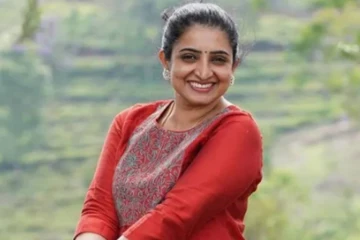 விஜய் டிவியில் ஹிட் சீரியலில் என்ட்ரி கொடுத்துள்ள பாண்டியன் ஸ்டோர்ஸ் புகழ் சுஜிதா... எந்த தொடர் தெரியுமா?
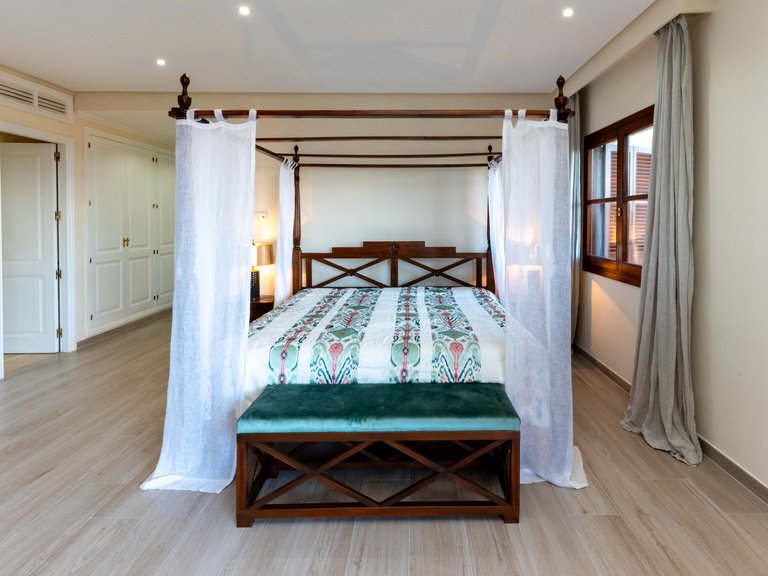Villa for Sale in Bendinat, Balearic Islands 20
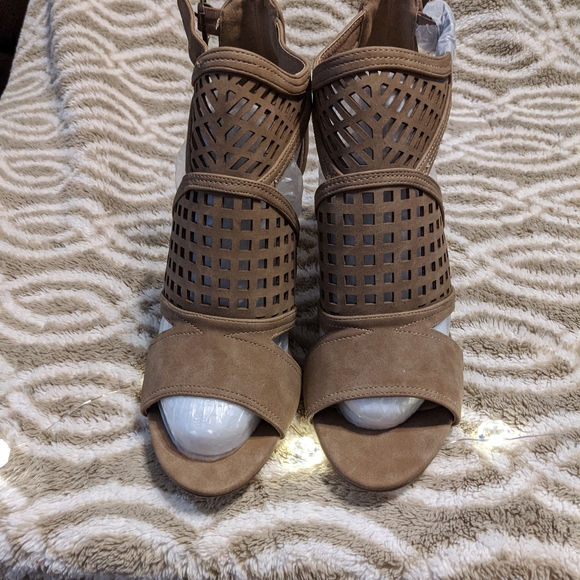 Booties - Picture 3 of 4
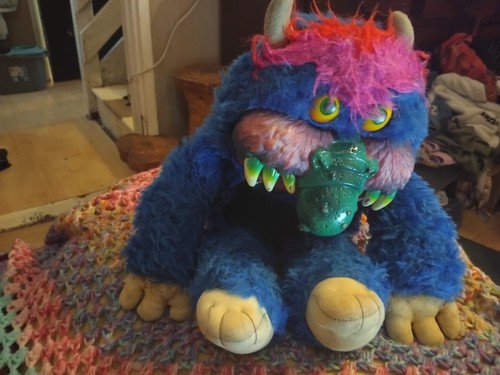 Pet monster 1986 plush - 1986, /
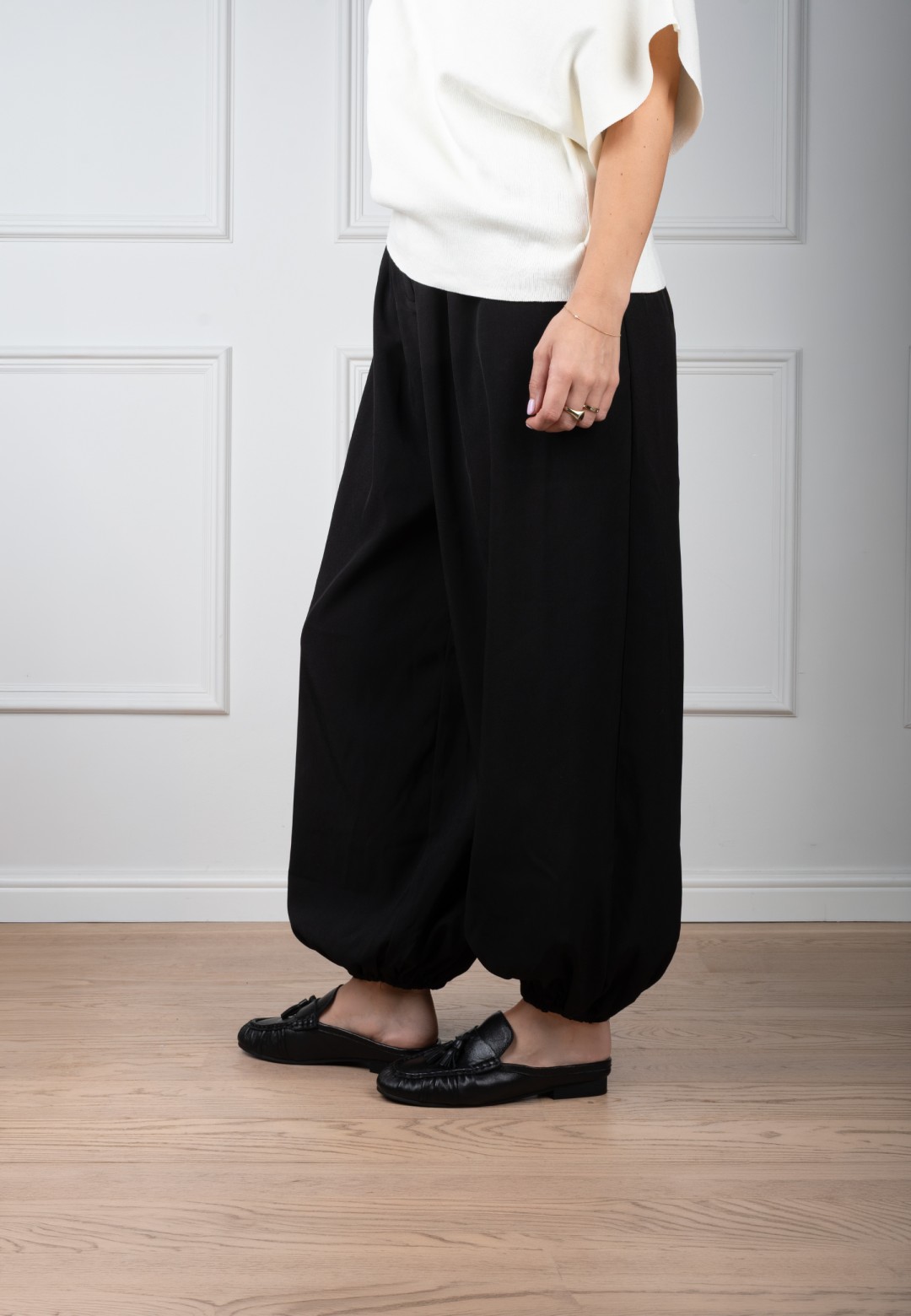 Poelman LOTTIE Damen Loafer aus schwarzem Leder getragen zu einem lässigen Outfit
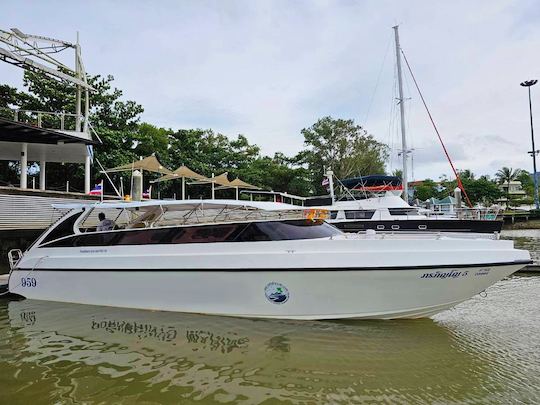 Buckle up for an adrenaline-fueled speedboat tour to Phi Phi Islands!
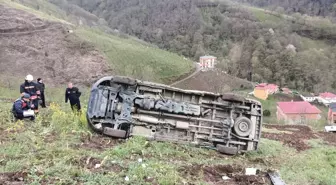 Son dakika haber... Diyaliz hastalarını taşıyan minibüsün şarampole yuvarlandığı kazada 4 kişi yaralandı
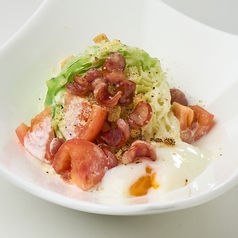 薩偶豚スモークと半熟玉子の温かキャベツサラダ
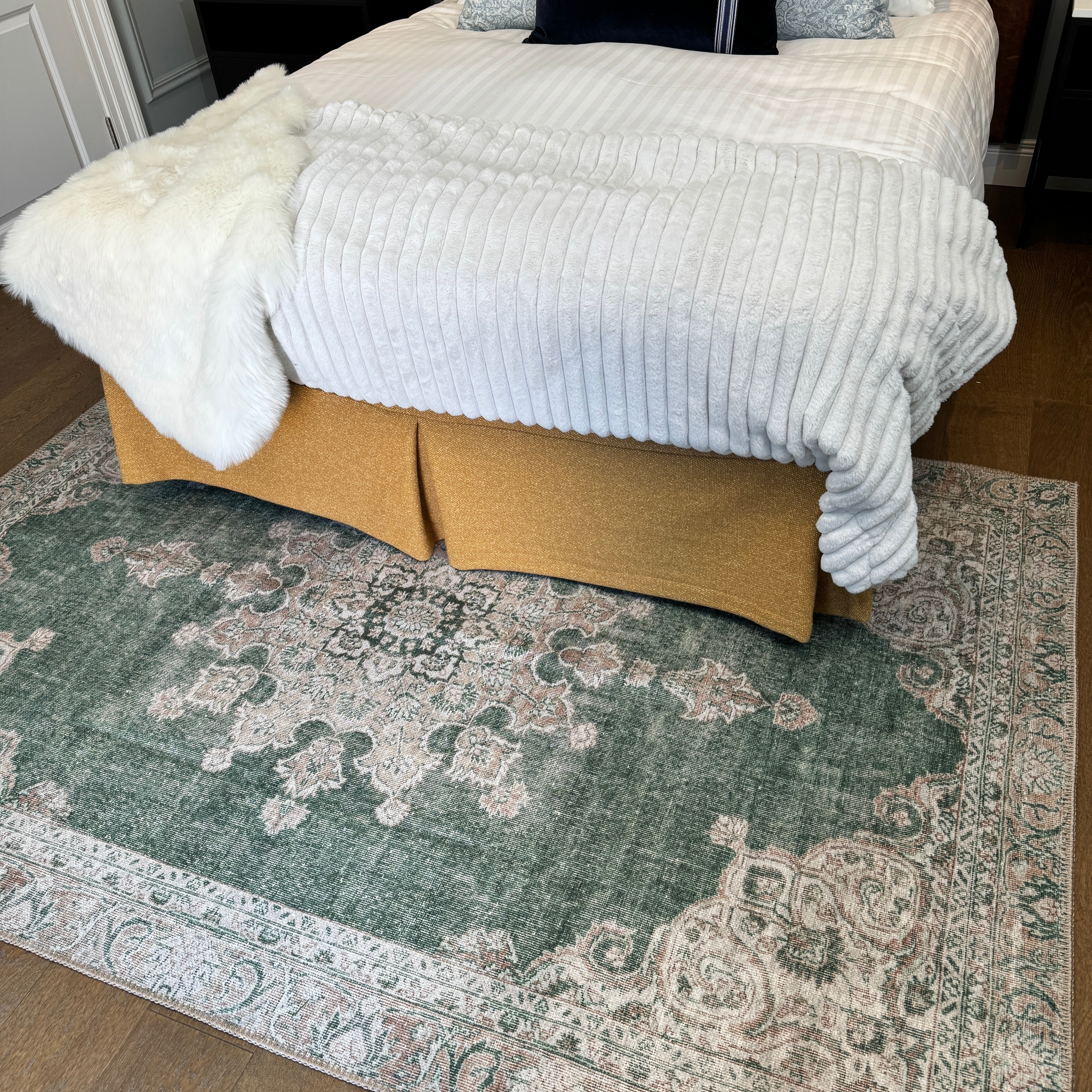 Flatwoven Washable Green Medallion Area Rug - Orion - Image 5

..............................

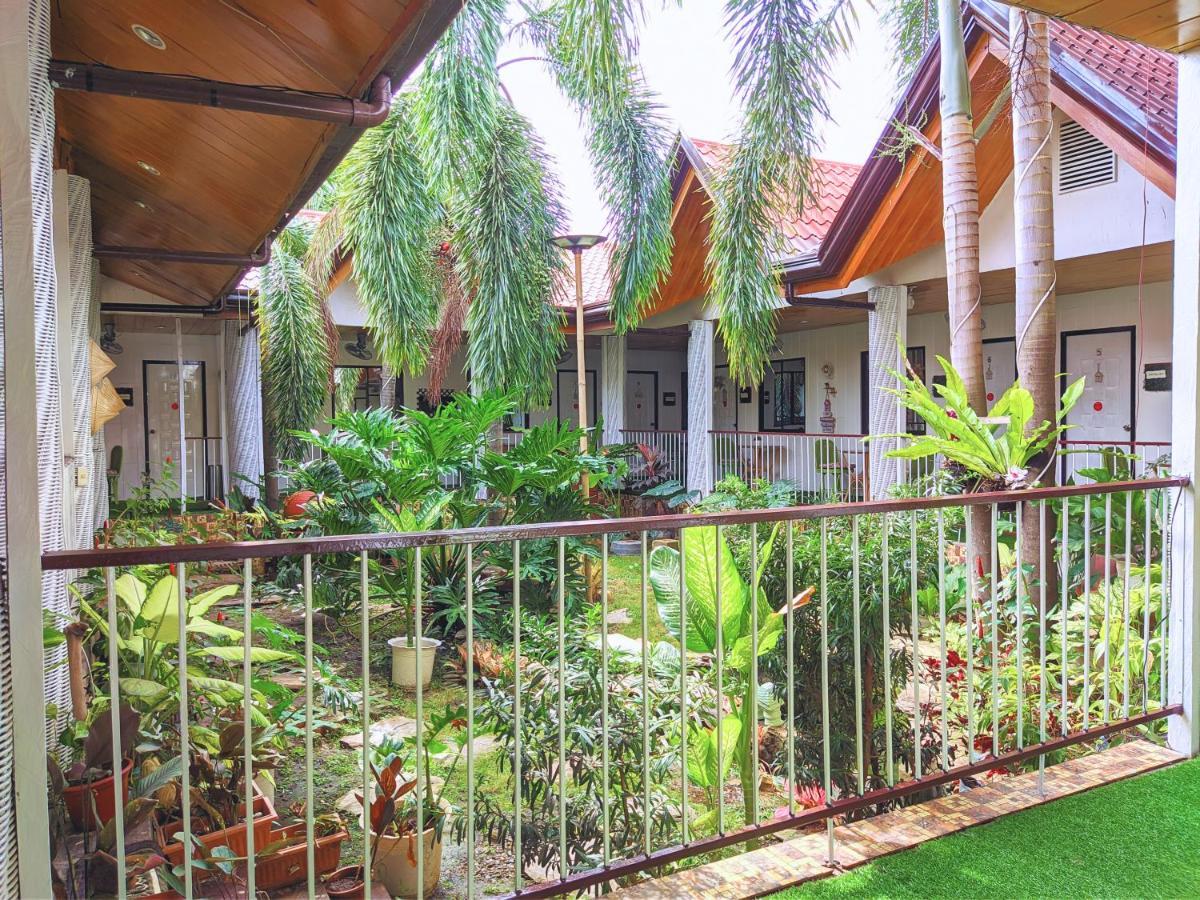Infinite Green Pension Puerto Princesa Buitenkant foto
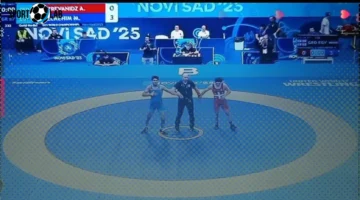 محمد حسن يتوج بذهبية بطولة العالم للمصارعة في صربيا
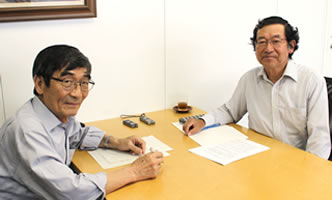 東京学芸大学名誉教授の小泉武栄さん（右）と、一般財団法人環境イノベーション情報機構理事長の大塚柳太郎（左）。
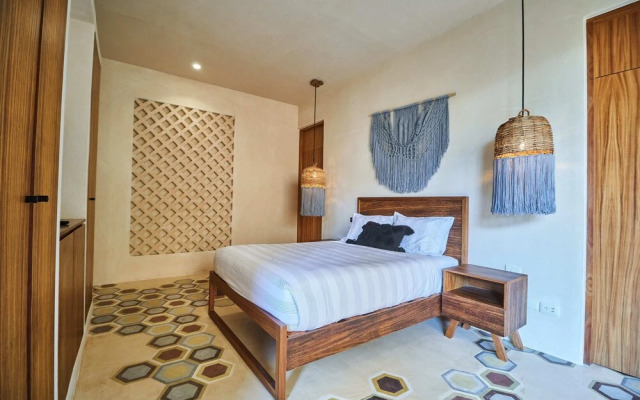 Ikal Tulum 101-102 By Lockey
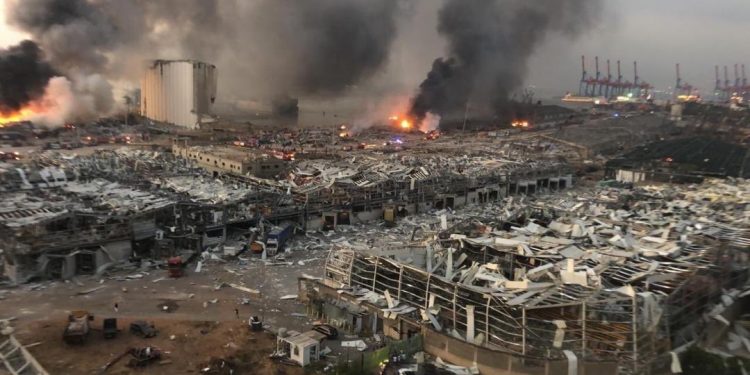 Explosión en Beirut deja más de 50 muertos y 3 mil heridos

..............................

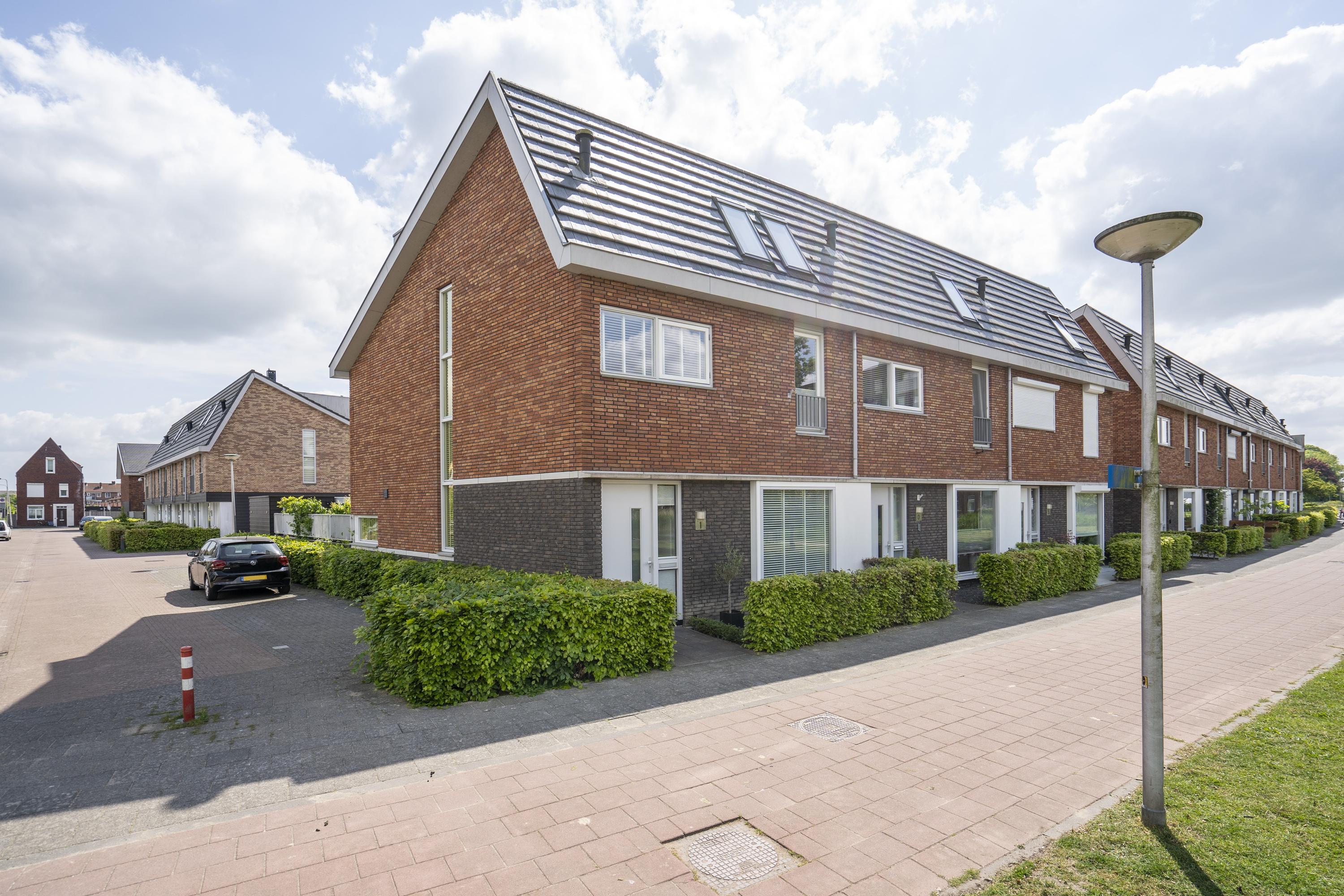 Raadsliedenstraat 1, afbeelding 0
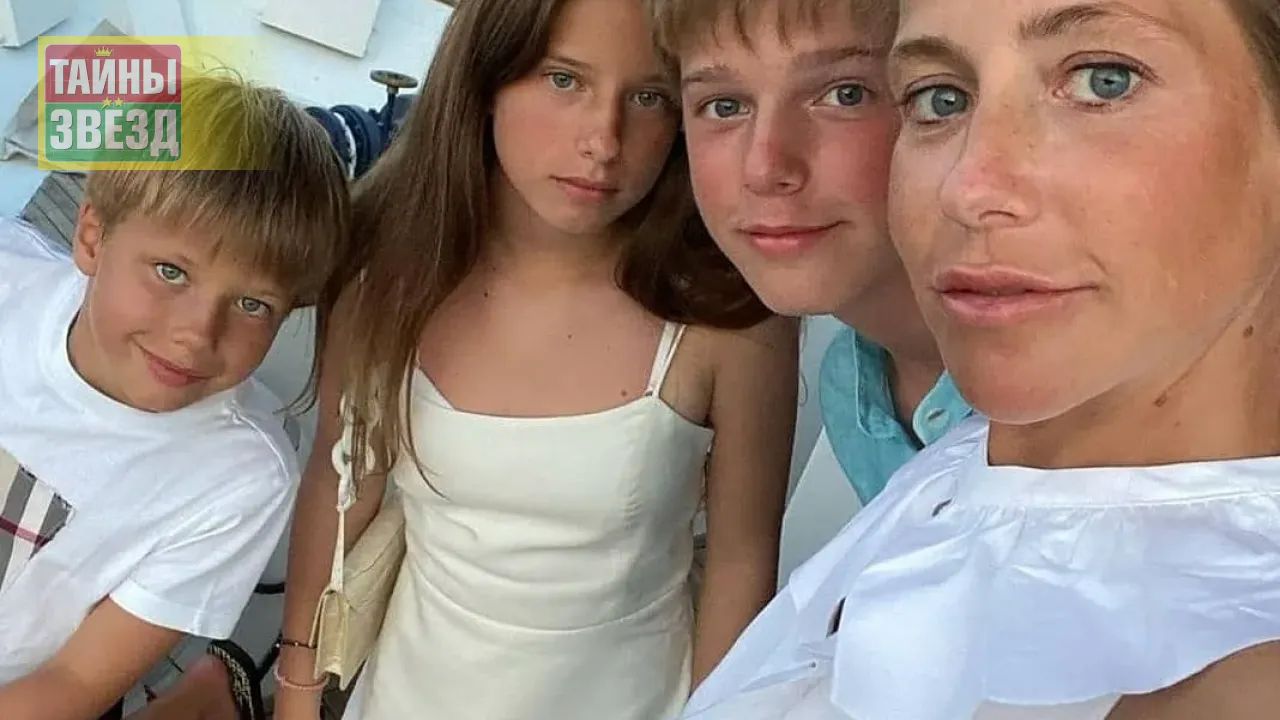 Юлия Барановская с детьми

..............................

Goal of the exercise:
From the data above, return exactly the lines from the one with "விஜய் டிவியில் ஹிட்" up to and including the one with "Flatwoven Washable Green". Pictures do not go in the copy.

Output below:
 விஜய் டிவியில் ஹிட் சீரியலில் என்ட்ரி கொடுத்துள்ள பாண்டியன் ஸ்டோர்ஸ் புகழ் சுஜிதா... எந்த தொடர் தெரியுமா?
Villa for Sale in Bendinat, Balearic Islands 20
 Booties - Picture 3 of 4
 Pet monster 1986 plush - 1986, /
 Poelman LOTTIE Damen Loafer aus schwarzem Leder getragen zu einem lässigen Outfit
 Buckle up for an adrenaline-fueled speedboat tour to Phi Phi Islands!
 Son dakika haber... Diyaliz hastalarını taşıyan minibüsün şarampole yuvarlandığı kazada 4 kişi yaralandı
 薩偶豚スモークと半熟玉子の温かキャベツサラダ
 Flatwoven Washable Green Medallion Area Rug - Orion - Image 5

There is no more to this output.